#### [Web page caption snippets]
......
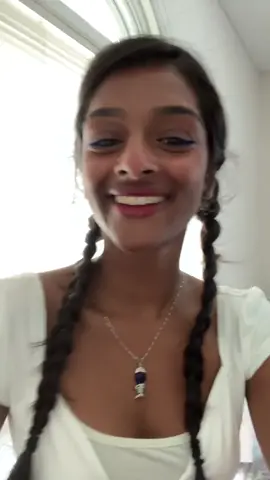 Um repost. I like my hair, my ootd, and my makeup. #ilovethissound #iloveaiswaryrai #fypシ゚viral #fyp #brown #desi #indian #foryou #southindian #telugu #tamil #hair 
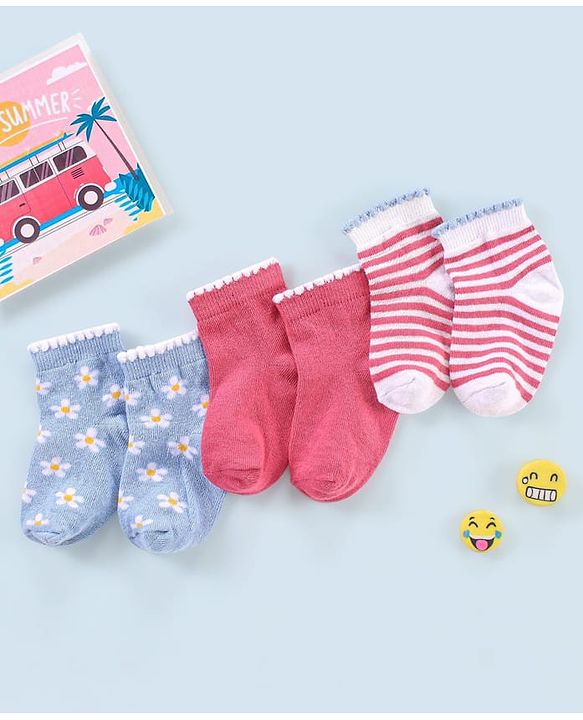 Cutewalk By Babyhug Anti Bacterial Ankle Length Non Terry Socks Floral Design Pack of 3- Pink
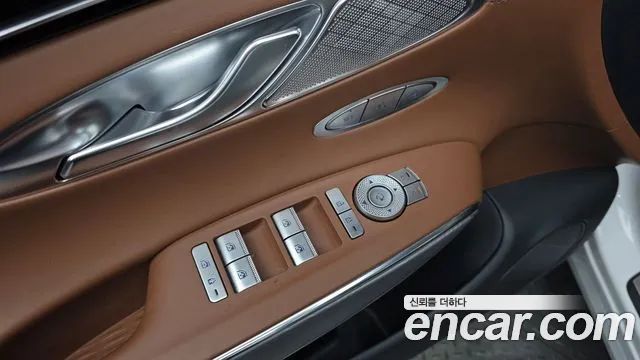 Genesis GV70 — Фото автомобиля 27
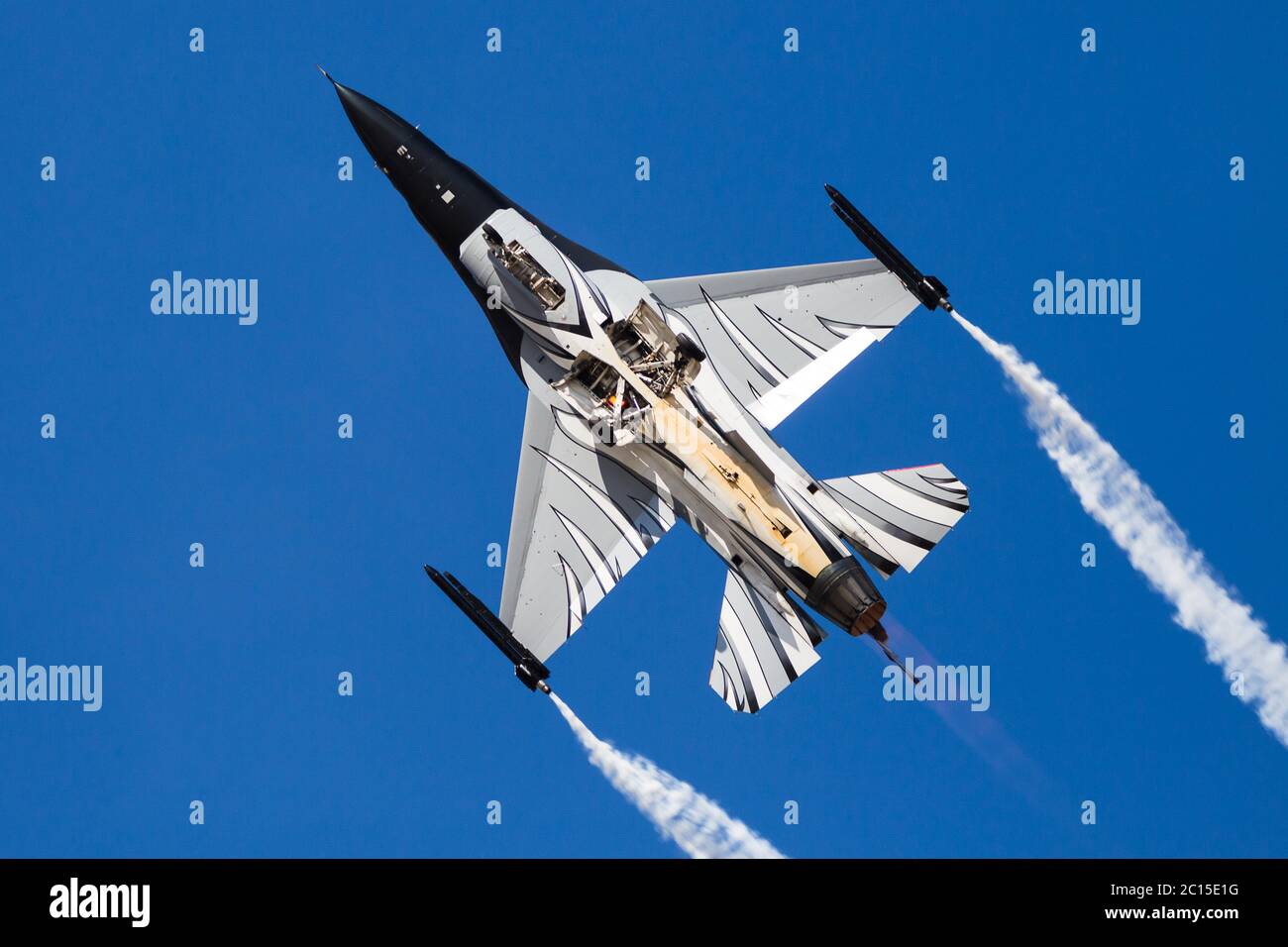 General Dynamics F-16AM von der belgischen Luftwaffe während seiner Ausstellung für die 2018 RIAT in RAF Fairford, Gloustenshire. GROSSBRITANNIEN. Aufgenommen am 15. Juli Stockfoto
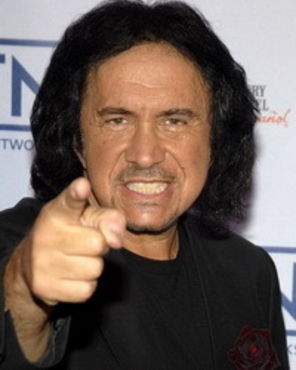 Gene Simmons si-a vandut pietrele de la rinichi pentru 15.000 de dolari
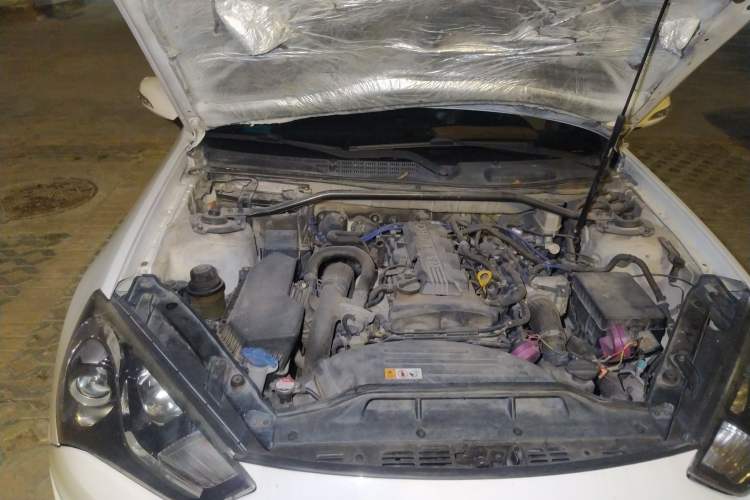 Used Hyundai Genesis Coupe 2012 2.0T Automatic Luxury Edition Engine Bay Right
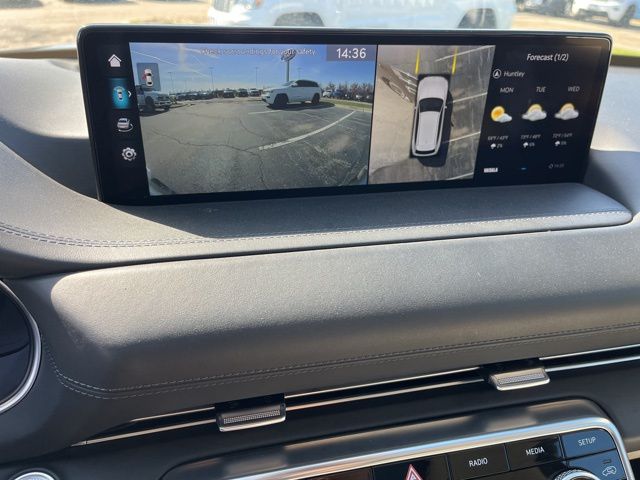 2023 Genesis GV80 2.5T — photo 28 of 34
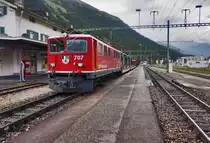 Die Ge 6/6 II 707 fährt mit einem, mit Betonteilen und Müllcontainern beladen Güterzug, in den Bahnhof Bever ein. 
Aufgenommen am 21.7.2016.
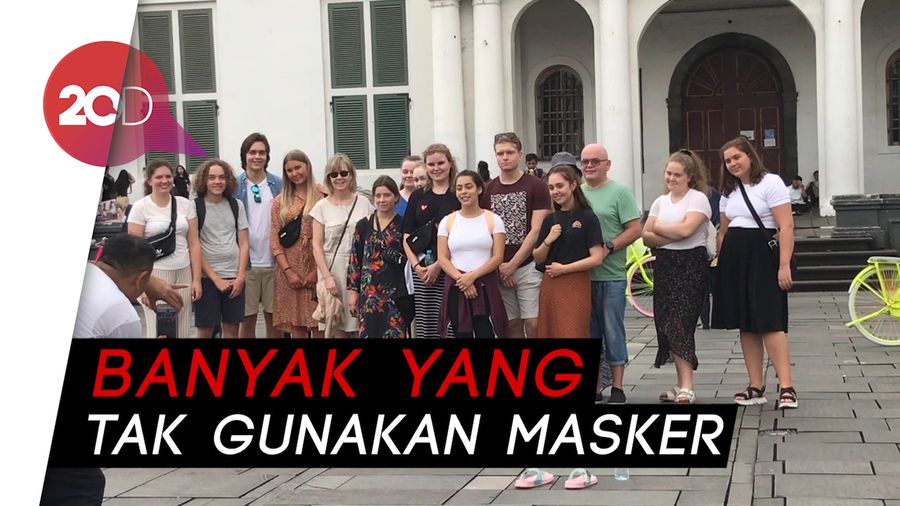 Heboh Virus Corona Tak Bikin Kota Tua Sepi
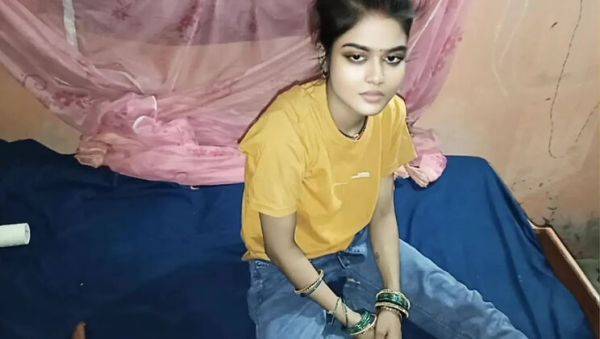 Hot Indian Bhabhi Big Natural Tits Hairy Pussy Desi Village Sex Viral HD Video - veryfreeporn.com - India on systemporn.com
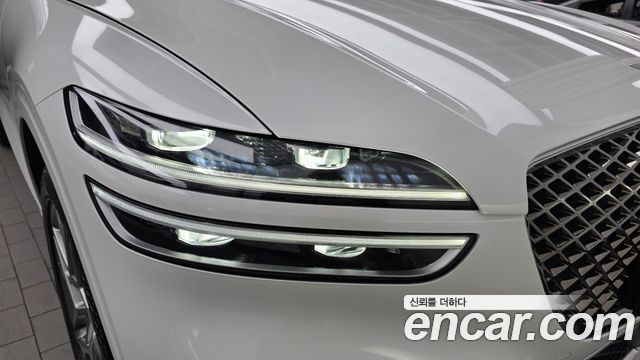 Genesis GV70 2024 — photo 8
......
#### [Work to be completed]
Make an exact copy of the records from their first line through the line containing "2023 Genesis GV80 2.5T — photo 28 of 34", both ends included, with the pictures omitted.

#### [Result of the task]
 Um repost. I like my hair, my ootd, and my makeup. #ilovethissound #iloveaiswaryrai #fypシ゚viral #fyp #brown #desi #indian #foryou #southindian #telugu #tamil #hair 
 Cutewalk By Babyhug Anti Bacterial Ankle Length Non Terry Socks Floral Design Pack of 3- Pink
 Genesis GV70 — Фото автомобиля 27
 General Dynamics F-16AM von der belgischen Luftwaffe während seiner Ausstellung für die 2018 RIAT in RAF Fairford, Gloustenshire. GROSSBRITANNIEN. Aufgenommen am 15. Juli Stockfoto
 Gene Simmons si-a vandut pietrele de la rinichi pentru 15.000 de dolari
 Used Hyundai Genesis Coupe 2012 2.0T Automatic Luxury Edition Engine Bay Right
 2023 Genesis GV80 2.5T — photo 28 of 34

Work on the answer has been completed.